A group of teachers, in protest of the lack of safe and standard schools in Iran, issued a statement calling for the trial of those responsible for the recent tragic school fire in Zahedan.
Teachers issued a statement in which they expressed condolences to the families of students killed in the school fire in Zahedan, protested the lack of safe and standard schools in the country, and called for action against those responsible for this tragic incident.
The Osve Hasaneh private girls’ kindergarten and elementary school in Zahedan caught fire at 9 a.m. on December 18. Iranian domestic media reported that the cause of the fire was the use of an oil lamp to heat one of the classrooms.
As a result of this incident, Mona Khosrowparvast, Saba Arabi, Yekta Mirshekari, and Maryam Nokandi, four first-grade elementary school students, died from severe burns.
Following this incident, a group of teachers issued a statement that has been signed by over 1,400 people so far, declaring: “The fire that is burning the lives of our loved ones from Shinabad to Zahedan today is the product of years of neglect of education by these very factions of power that take turns holding power. It is the result of the actions of all factions of the ruling system. It is the result of the actions of those who have completely privatized all pre-school centers and are trying to extend their anti-educational and monetization policies to the rest of the public education sector.”
Also, in another section of this statement, referring to the recent suppression and arrest of teachers in Iran, it was written about the Zahedan school fire incident: “Today, when incompetent officials need to be brought to trial, the teacher and principal of Osve Hasaneh school are arrested to cover up the matter.”

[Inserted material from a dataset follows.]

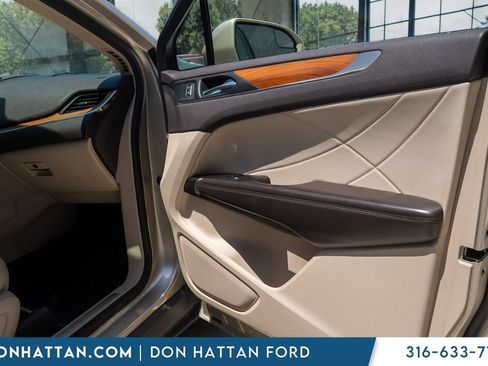 Used 2017 Lincoln MKC Select w/ Lincoln MKC Climate Package FWD image 24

According to this statement, teachers have been demanding an increase in the budget and share of education and training since 2016 with 140,000 signatures to secure schools, and have repeatedly announced their demands to the government, parliament, and the judiciary.

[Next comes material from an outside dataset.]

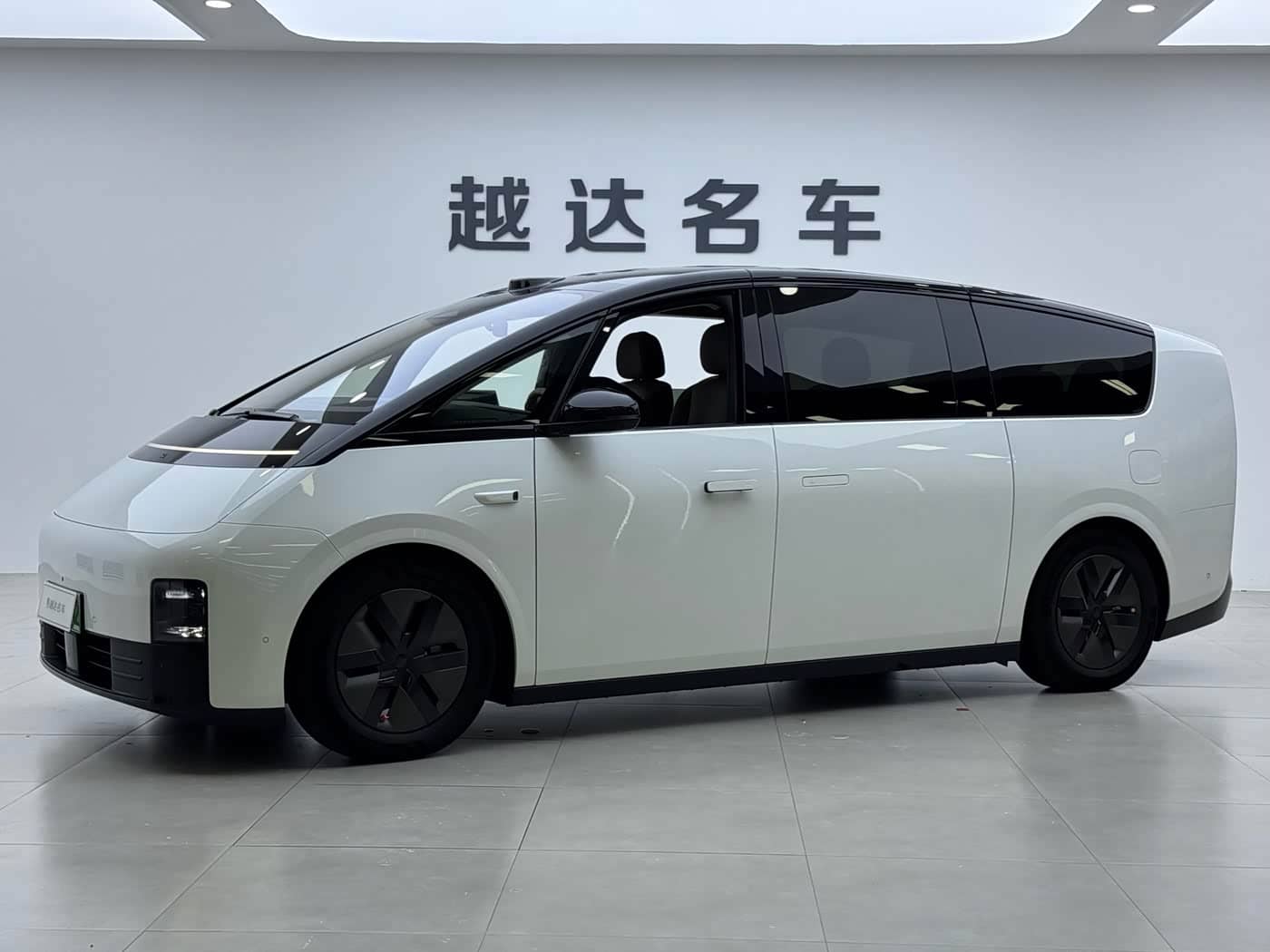 Li Auto MEGA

The signatories of the recent statement called for the trial of those responsible for the tragic Zahedan school fire and declared that solutions such as “covering up problems,” “fabricating cases,” and “intimidating” and “imprisoning” justice-seeking teachers are not the solution. “It is time to audit the files of guilty and corrupt officials.”
School fires in Iran are not unprecedented. Previously, unsafe heating devices in Iranian schools have caused incidents.
In December 2012, a girls’ elementary school in the village of Shinabad in Piranshahr, located in West Azerbaijan Province, caught fire. In that incident, two of the 29 girl students who suffered burns died. Twelve others suffered serious and permanent physical and psychological consequences. A year before that, three students died in a fire at a girls’ high school dormitory in Chabahar.
Iran’s education minister said last year that more than 40 percent of schools in the country do not have safe heating systems.